In fits and starts. Harry had given himself an hour to get to the Chrysanthemum Club, but convoys of army trucks brought all other traffic to a halt until police rerouted everyone miles around the far side of the palace. A rag-wagon horse expired outside the Diet building, then a bike transporting a six-foot stack of noodle trays went down in front of Harry’s car, and by the time he reached even the center of the city, he was forty minutes late. Usually he was entertained by Tokyo Station, the mixed bag of commuters in three-piece suits and farmers in cone-shaped hats of straw. He always enjoyed the secretly triumphant way salesgirls and switchboard operators twitched to work in their long tight skirts and little French hats. Today, however, everyone just seemed in Harry’s way. Yet he discovered that, at a certain level, he didn’t give a damn. Here he was at the acme of his business career, invited to dine with the Rockefellers and Carnegies of Japan, while Ishigami tracked him down like a crazed assassin. Not to mention Michiko’s suspicions. He needed a ship, he needed a train, he needed a plane and here he was riding the eight ball. And part of him couldn’t care less. It was the part that he didn’t see often. Occasionally it looked out of the mirror and asked, What’s the point of this game?

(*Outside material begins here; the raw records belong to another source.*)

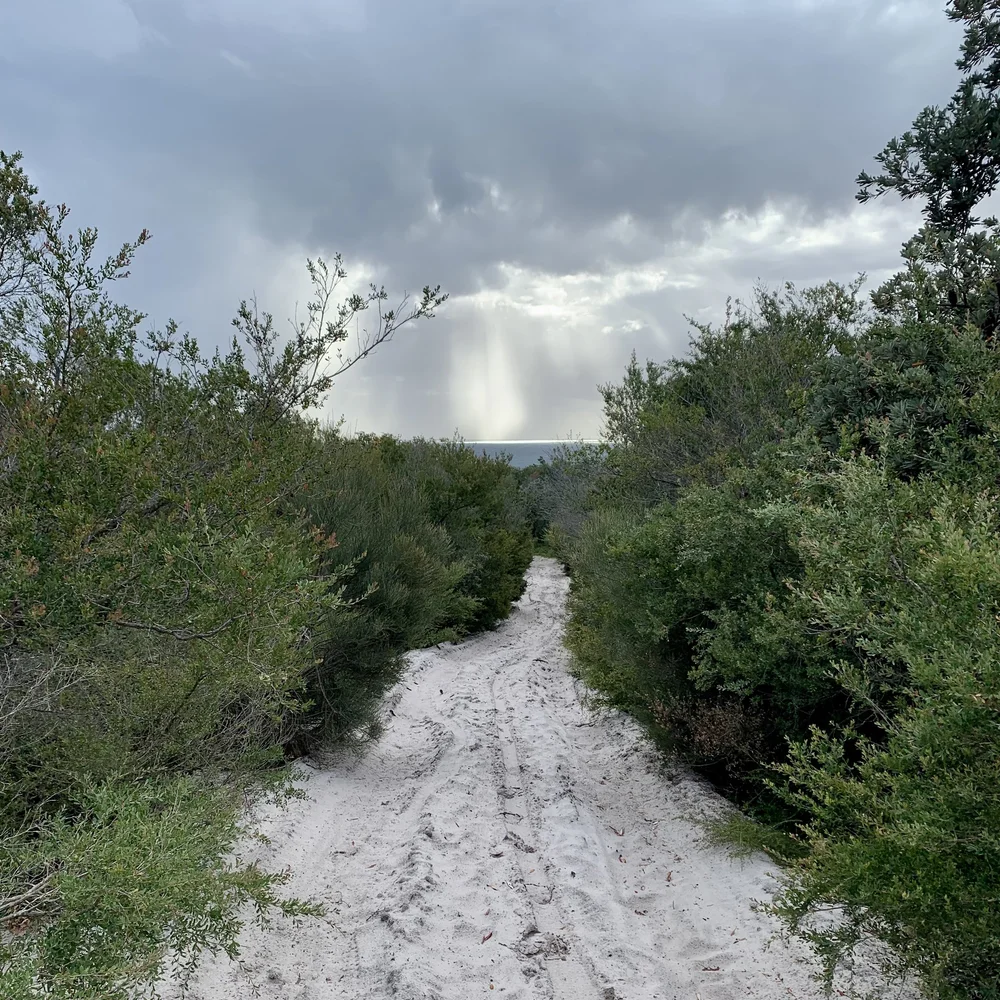 A sandy track through the bush with a rain squall out to sea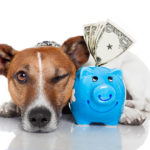 Dog with piggy bank , a dollar tie and glasses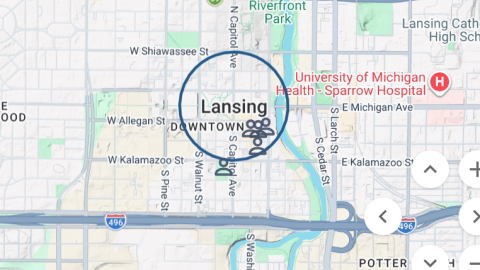 A screenshot from a search for Lansing in the Michigan Sex Offender Registry, which is maintained by the Michigan State Police.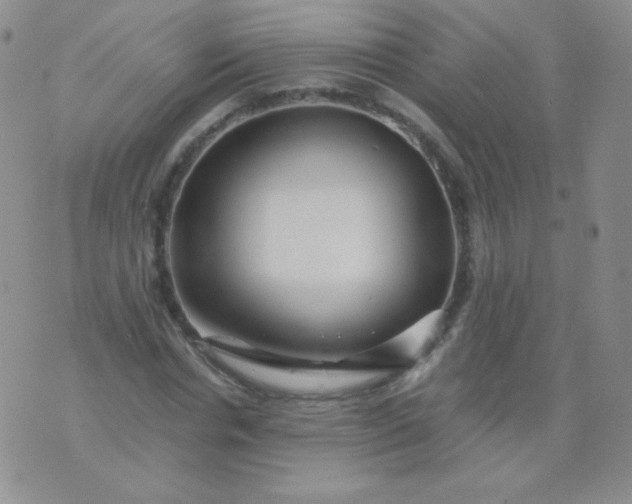 X0000076270826200610122253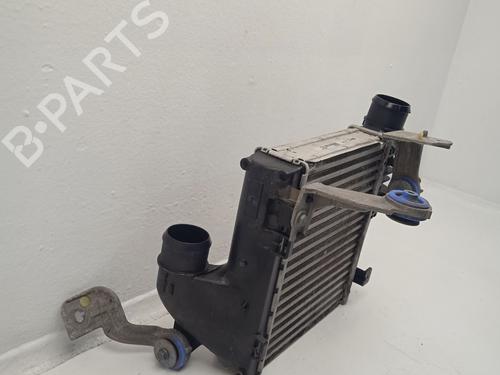 Intercooler CITROËN C4 Picasso I MPV (UD_)  | BP31619095M30 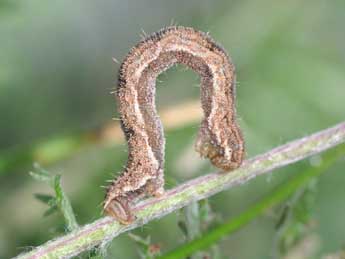  Chenille de Eupithecia icterata Vill. - ©Philippe Mothiron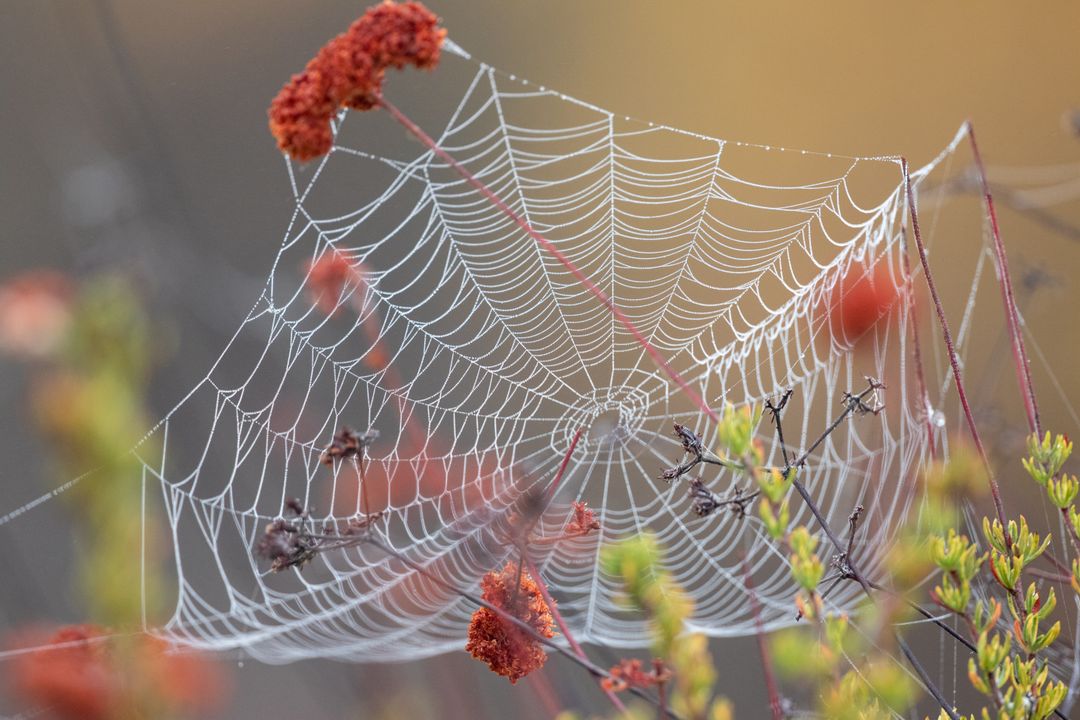 Dew-Kissed Spider Web Draping Wildflower Stems in Soft Morning Light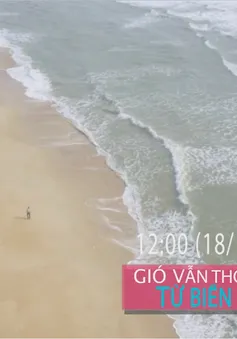 "Gió vẫn thổi từ biển" (12h hàng ngày từ 18/10)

Behind the domes of Tokyo Station rose an eight-story imitation of Wall Street, a row of gray financial temples, the great banks of Japan. They stood side by side, the Ionic columns of Mitsubishi, Corinthian columns of Mitsui, tomblike doors of Sumitomo, all leading to the marble stairs and double brass doors of the Chrysanthemum Club with their famous crest of a Fuji mum within a ring. Harry tucked the Datsun behind a row of uniformed chauffeurs in Cadillacs and Packards. He might be almost an hour late, but he took the stairs one at a time, aware of the study he was receiving from bodyguards grouped on the stairs. They were retired detectives and off-duty police, chewing toothpicks or smoking cigarettes. Although the rate of political assassination had slowed, the army had made it clear it would eliminate anyone it suspected of less than white-hot patriotism, and if the atmosphere in Asakusa was frivolous, the air around the palace seemed weighted with dread and expectation. It had taken nothing less than the threat of war for the club to open its doors to Harry Niles, but once in, he found himself guided by a sort of butler dressed like a royal chamberlain. At the sixth floor, Harry was directed from the elevator to a door that was ajar to the sound of murmuring. Too late, he regretted the sake with Taro.